The dice has been cast with Captain’s anointment and the two parties are not even wasting their time in warming up for election. A no-holds-barred war of words started on the day Captain was appointed with Sukhbir calling the former “an old lion” and Amarinder roaring back at the Badals terming their decade-long rule as “disastrous” and claiming that “scared Akali leaders and ministers are afraid to venture out these days”.
The Badals are pinning their hopes on the fact that Amarinder — not known to be a vigorous campaigner — may not be able to run a marathon. He will also have to match the father-son chemistry. While the CM ploughs from village to village holding sangat darshan, the son is a man of detail and seems to have mastered the art of micro-managing polls.

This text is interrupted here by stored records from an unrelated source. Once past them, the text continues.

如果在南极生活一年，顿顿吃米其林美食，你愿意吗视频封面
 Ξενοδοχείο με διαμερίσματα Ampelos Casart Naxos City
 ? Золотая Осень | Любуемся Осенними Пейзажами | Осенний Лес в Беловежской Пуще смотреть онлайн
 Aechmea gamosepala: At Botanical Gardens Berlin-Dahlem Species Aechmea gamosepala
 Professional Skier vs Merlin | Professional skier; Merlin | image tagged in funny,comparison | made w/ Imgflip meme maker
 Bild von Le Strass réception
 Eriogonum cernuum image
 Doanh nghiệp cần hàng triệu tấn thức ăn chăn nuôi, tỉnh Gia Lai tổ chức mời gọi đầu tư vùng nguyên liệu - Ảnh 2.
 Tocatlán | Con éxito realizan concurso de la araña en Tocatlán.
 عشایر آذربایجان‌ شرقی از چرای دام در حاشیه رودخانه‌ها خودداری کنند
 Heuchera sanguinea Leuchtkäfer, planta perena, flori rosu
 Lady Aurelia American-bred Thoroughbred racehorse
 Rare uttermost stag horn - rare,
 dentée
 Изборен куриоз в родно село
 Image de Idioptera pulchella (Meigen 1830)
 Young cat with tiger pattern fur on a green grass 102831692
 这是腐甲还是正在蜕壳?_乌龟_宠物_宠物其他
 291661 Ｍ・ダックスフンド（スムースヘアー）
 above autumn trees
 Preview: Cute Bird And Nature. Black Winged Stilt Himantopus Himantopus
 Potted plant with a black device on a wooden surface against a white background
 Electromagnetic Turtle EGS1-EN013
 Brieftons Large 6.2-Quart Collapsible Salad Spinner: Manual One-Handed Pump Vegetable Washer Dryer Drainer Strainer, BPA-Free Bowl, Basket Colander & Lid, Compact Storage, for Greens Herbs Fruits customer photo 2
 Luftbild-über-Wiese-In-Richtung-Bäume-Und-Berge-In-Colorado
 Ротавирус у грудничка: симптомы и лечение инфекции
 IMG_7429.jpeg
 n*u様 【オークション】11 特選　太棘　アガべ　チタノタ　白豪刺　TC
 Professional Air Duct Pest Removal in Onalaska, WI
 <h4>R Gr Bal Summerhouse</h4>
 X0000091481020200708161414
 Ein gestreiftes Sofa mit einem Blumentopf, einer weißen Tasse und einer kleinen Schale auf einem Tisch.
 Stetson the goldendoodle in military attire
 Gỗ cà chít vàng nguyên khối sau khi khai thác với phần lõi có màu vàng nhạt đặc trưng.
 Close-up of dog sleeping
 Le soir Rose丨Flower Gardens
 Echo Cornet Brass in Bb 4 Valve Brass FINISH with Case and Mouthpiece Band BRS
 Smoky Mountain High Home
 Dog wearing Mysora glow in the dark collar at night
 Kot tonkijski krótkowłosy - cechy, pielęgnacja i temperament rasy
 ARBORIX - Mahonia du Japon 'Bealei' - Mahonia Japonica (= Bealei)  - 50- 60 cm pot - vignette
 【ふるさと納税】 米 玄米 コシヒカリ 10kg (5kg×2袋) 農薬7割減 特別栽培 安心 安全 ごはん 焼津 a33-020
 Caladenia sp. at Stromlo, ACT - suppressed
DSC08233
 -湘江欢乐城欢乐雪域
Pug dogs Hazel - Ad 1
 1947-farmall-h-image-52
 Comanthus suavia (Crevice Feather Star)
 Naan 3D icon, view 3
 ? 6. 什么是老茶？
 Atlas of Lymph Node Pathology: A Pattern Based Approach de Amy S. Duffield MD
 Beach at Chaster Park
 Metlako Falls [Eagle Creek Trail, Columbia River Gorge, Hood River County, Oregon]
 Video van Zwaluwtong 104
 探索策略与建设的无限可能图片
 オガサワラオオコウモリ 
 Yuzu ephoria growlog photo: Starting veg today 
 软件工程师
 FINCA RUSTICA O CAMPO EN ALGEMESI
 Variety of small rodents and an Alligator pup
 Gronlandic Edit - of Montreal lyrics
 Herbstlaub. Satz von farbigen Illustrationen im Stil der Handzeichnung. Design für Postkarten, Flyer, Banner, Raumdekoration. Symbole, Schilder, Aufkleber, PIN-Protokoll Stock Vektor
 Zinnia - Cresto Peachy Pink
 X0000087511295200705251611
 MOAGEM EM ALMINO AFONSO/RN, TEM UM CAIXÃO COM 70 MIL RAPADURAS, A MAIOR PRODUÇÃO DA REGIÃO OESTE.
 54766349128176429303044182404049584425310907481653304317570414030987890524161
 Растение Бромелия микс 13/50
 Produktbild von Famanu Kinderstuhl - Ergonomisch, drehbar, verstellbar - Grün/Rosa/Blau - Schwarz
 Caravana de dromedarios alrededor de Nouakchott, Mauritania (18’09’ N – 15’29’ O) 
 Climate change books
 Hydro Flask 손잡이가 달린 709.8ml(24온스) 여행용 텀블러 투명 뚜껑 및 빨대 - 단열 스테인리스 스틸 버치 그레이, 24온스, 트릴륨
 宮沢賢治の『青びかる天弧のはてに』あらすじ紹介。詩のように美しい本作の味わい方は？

Amarinder is in comfortable territory while dealing with the Badals, especially after they have been tamed by recent setbacks. It is his combat strategy for Arvind Kejriwal’s Aam Aadmi Party — which is a force to reckon with in Punjab and a third alternative that has changed the state’s bipolar politics — that will decide the Congress’ fortunes in 2017.
The wild card
Despite the dissensions in its ranks — two of its four MPs have been suspended after turning rebels — and no credible CM face to challenge Amarinder and Badal, AAP remains the wild card in Punjab elections. Kejriwal has decided to stay put in Punjab six months before elections to spin a victory from voters “disillusioned” with both the parties. Amarinder, who has more than once admitted that AAP is a formidable contender, knows only too well that it may not just play a spoiler but a principal player in the elections. Kejriwal may even spring a few surprises in the final rounds.
No wonder the erstwhile royal who had snubbed potential allies in the 2012 polls is wiser after two poll drubbings and is likely to extend a hand of friendship to the CM’s estranged nephew Manpreet Badal, whose People’s Party of Punjab has been pushed to the oblivion. He may also like to get the left parties on board as polls near. The Akalis, on their part, have an ally in the BJP and a hidden one in the Bahujan Samaj Party (BSP) which cuts into Congress Dalit votes in Doaba — the Dalit heartland — by contesting elections on its own. It also explains why Sukhbir has not targeted BSP leaders who attended the ‘Sarbat Khalsa’.
Punjab is all set for a clash of personalities — Captain versus Badal versus Kejriwal. The new Congress president has hit the ground running. The Akalis are trying to regain “lost ground” while Kejriwal is yet to emerge on the poll scene. It will be a marathon, not a sprint, and political parties would have to be prepared for the long haul to gain an edge during the final rounds.